THE RECORDS: Begin
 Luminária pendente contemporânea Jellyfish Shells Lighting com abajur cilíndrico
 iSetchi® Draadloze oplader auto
THE RECORDS: End
THE RECORDS: Begin
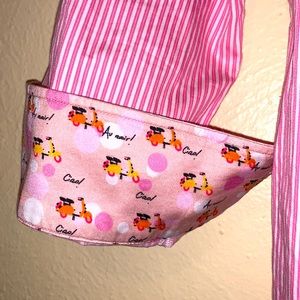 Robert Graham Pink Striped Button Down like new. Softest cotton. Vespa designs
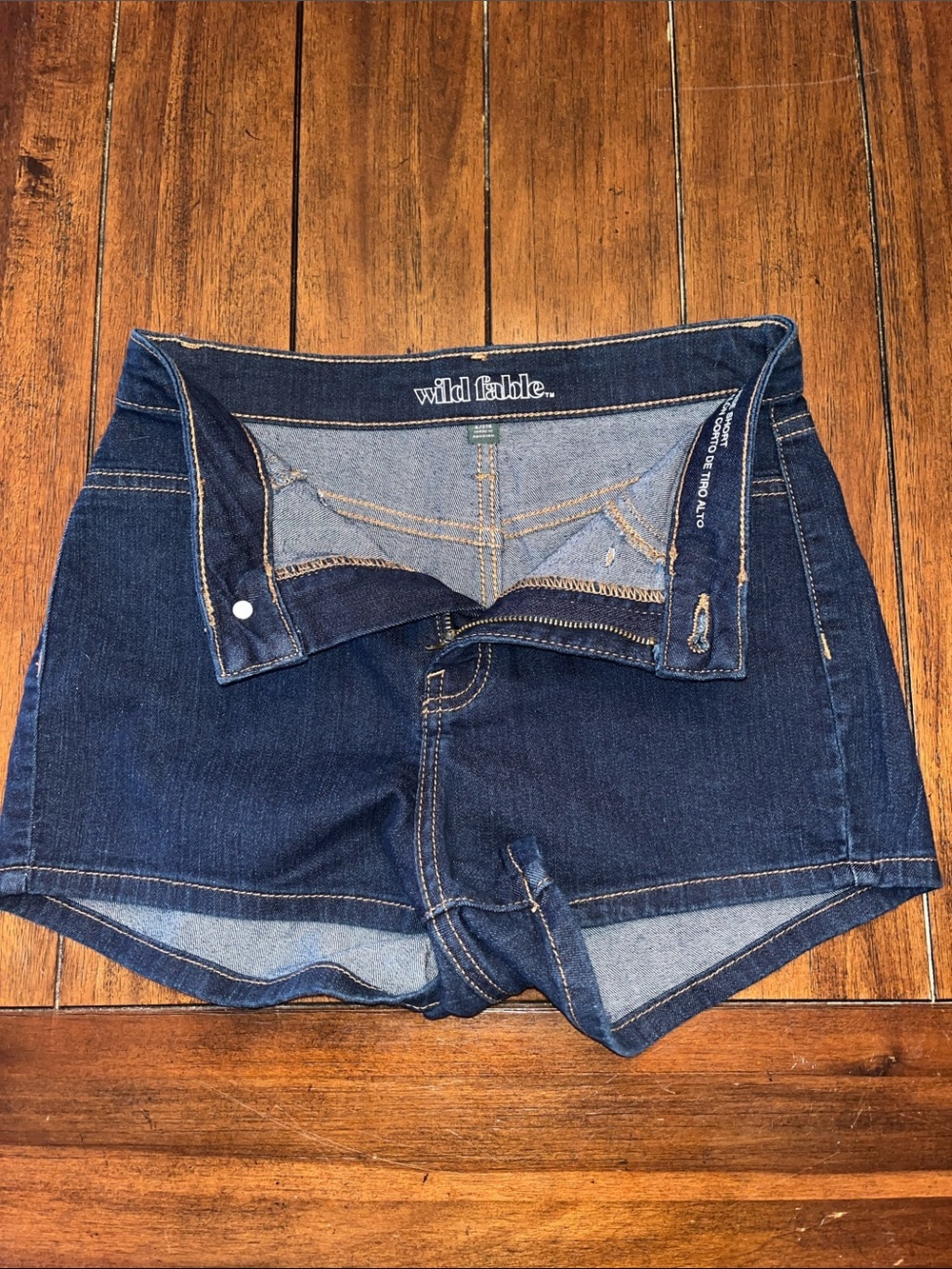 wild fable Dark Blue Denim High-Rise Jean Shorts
THE RECORDS: End
**WHAT THE TASK REQUIRES:** Look above for the line with "Luminária pendente contemporânea" and the line with "iSetchi® Draadloze oplader auto". Retype those two lines and every line between them exactly, adding nothing.

**TASK OUTPUT:**
 Luminária pendente contemporânea Jellyfish Shells Lighting com abajur cilíndrico
 iSetchi® Draadloze oplader auto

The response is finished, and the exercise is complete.